J'ai plaisir à vous retrouver, monsieur le rapporteur. Nous entretenons de bonnes relations avec les autorités organisatrices, avec qui nous avons organisé une décroissance du trafic adaptée aux besoins sanitaires, très précisément, région par région.
Nous ne sommes pas encore entrés dans le coeur des discussions juridiques ou contractuelles. Il semblerait néanmoins que les régions, dans leur grande majorité, acceptent d'honorer les coûts engagés pour le service. Nous menons également des discussions, région par région et contrat par contrat, sur le risque de pertes en recettes, qui se sont effondrées. Cette crise étant irrésistible et très difficile à anticiper, elle constitue pour nous un cas de force majeure. Les obligations de recettes devraient donc être largement amendées par les régions. Pour l'instant, les discussions sont empreintes de bonne volonté et de compréhension mutuelles, et j'espère que cet état d'esprit perdurera au moment de signer les avenants.
Rien n'a été entrepris pour l'instant sur le niveau des péages. Des voix s'élèvent pour demander leur réajustement, et des activités comme le fret pourraient en effet en bénéficier. N'oublions pas toutefois que ces péages servent à financer les travaux d'infrastructures sur le réseau. Si leurs tarifs sont réduits, il faudra trouver une autre forme de financement. Et, selon une loi d'airain, ce que l'usager ne paie pas, c'est le contribuable qui le paye !
Si la région Île-de-France devait être déconfinée en dernier, ce serait en effet très pénalisant pour le trafic et le chiffre d'affaires du TGV, par définition transrégional.

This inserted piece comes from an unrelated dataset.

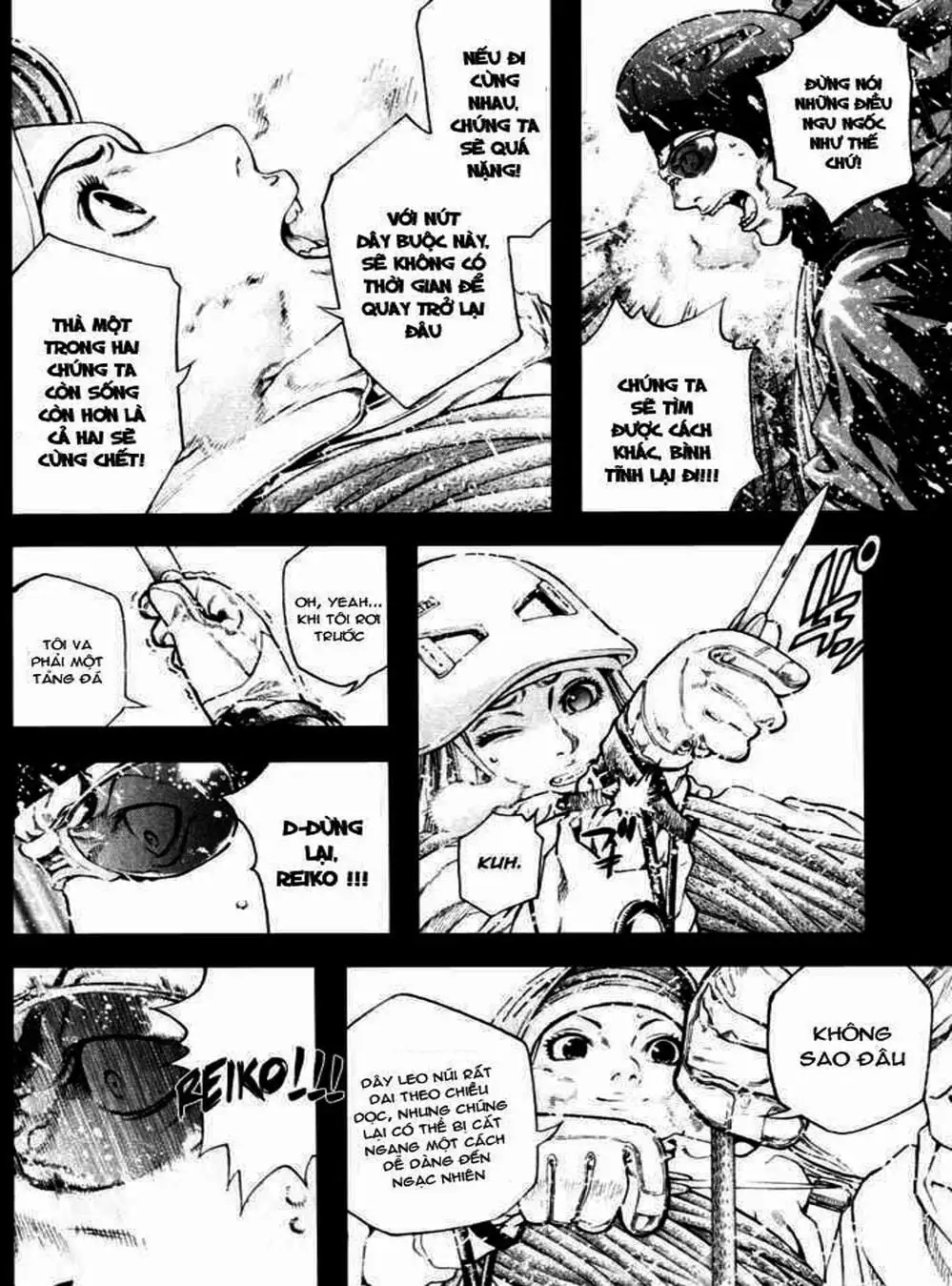 Truyện Tranh Người Cô Đơn - The Climber trang 7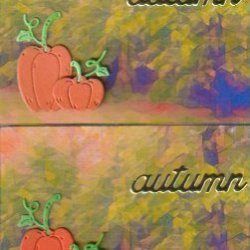 Autumn Pumpkins ATCs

Mais nous respecterons les décisions prises par les pouvoirs publics et les autorités sanitaires.
Sur la concurrence, votre question est presque de nature philosophique, monsieur le sénateur. On peut en effet se demander comment cette crise aurait été gérée si le trafic avait été morcelé entre plusieurs opérateurs. À ce stade, et à ma connaissance, le calendrier général d'ouverture à la concurrence n'est pas remis en question. Du côté de la SNCF, nous acceptons la mise en concurrence. SNCF Réseau et Gares & Connexion, qui devront garantir l'équité entre les différents concurrents, s'y préparent. La partie de la SNCF concernée par la mise en concurrence doit s'y préparer également. Par exemple, l'appel d'offres lancé par l'État sur les lignes d'équilibre du territoire Nantes-Lyon et Nantes-Bordeaux devrait être attribué à la fin de l'année.
La décision de la SNCF de participer à l'ouverture à la concurrence du TGV espagnol fin 2020 avait été prise avant la crise. Nous allons être attaqués sur le réseau français à grande vitesse par plusieurs opérateurs européens, notamment espagnols et italiens. Dès lors, il est logique de vouloir rattraper en Europe les volumes et parts de marché que nous perdrions en France. Le réseau ferroviaire espagnol à grande vitesse est très étendu en longueur de voies, plus que le nôtre, mais peu fréquenté. La compagnie espagnole Renfe est loin de le saturer. Notre stratégie consiste donc à tester en Espagne le concept Ouigo des TGV à petits prix, avec des rames fabriquées par Alstom et adaptées au réseau espagnol.
Selon moi, la crise du coronavirus ne va pas arrêter la tectonique des plaques ; nous allons bel et bien entrer dans l'ère de la concurrence, et ses premiers effets devraient se faire sentir en Europe dès la fin de l'année.